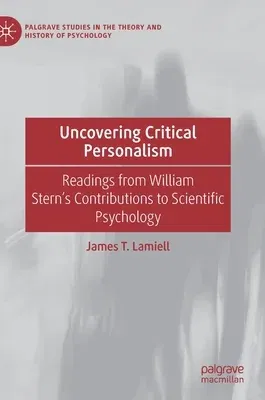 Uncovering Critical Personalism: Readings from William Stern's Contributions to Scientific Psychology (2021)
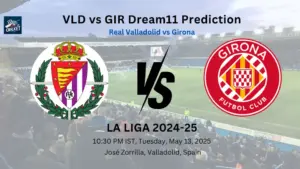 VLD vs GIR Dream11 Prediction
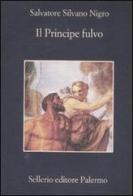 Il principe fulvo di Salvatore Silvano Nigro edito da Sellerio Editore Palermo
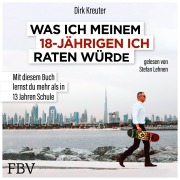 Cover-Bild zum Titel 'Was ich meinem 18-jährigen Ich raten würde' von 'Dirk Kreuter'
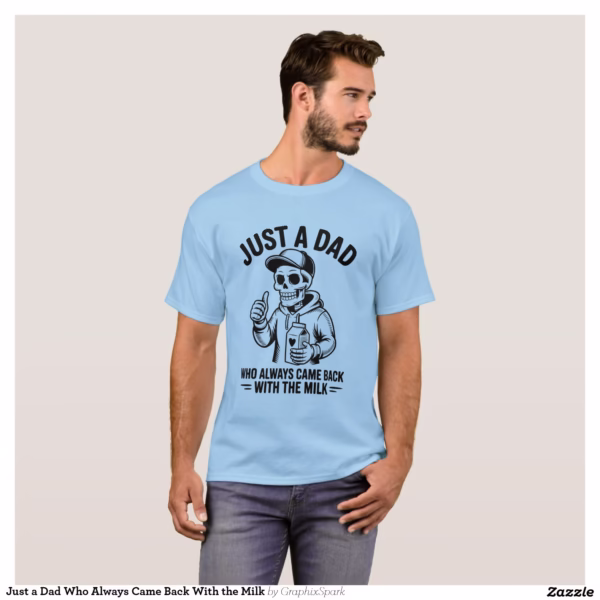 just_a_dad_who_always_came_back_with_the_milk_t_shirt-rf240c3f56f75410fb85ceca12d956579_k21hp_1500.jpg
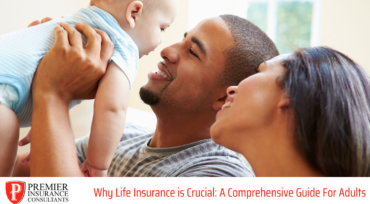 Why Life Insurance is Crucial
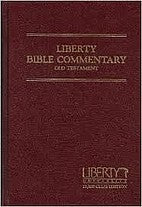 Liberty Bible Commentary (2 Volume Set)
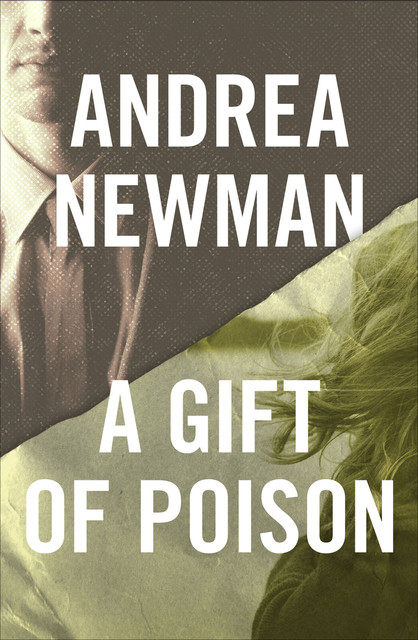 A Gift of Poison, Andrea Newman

----------

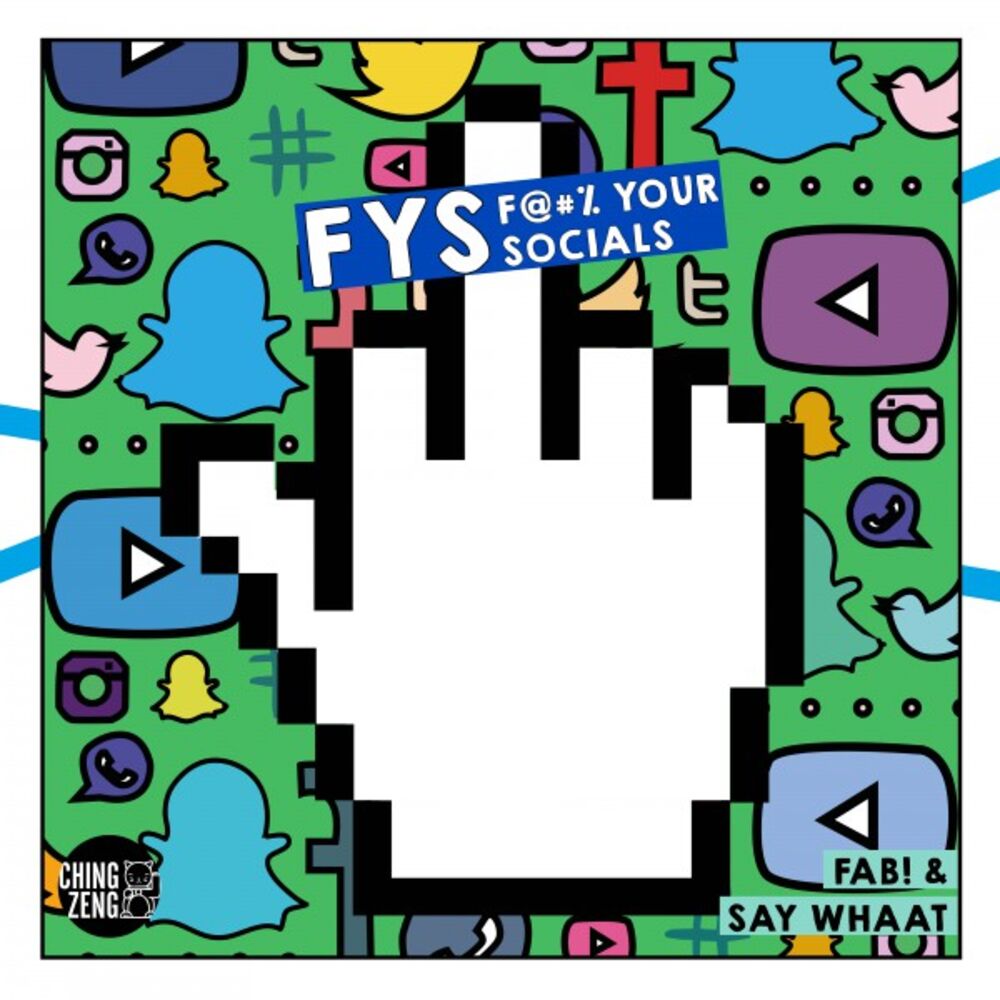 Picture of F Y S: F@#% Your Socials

----------

What you write must match the listing exactly, from the line with "VLD vs GIR Dream11 Prediction" up to and including the line with "A Gift of Poison, Andrea Newman". Pictures stay out.

 VLD vs GIR Dream11 Prediction
 Il principe fulvo di Salvatore Silvano Nigro edito da Sellerio Editore Palermo
 Cover-Bild zum Titel 'Was ich meinem 18-jährigen Ich raten würde' von 'Dirk Kreuter'
 just_a_dad_who_always_came_back_with_the_milk_t_shirt-rf240c3f56f75410fb85ceca12d956579_k21hp_1500.jpg
 Why Life Insurance is Crucial
 Liberty Bible Commentary (2 Volume Set)
 A Gift of Poison, Andrea Newman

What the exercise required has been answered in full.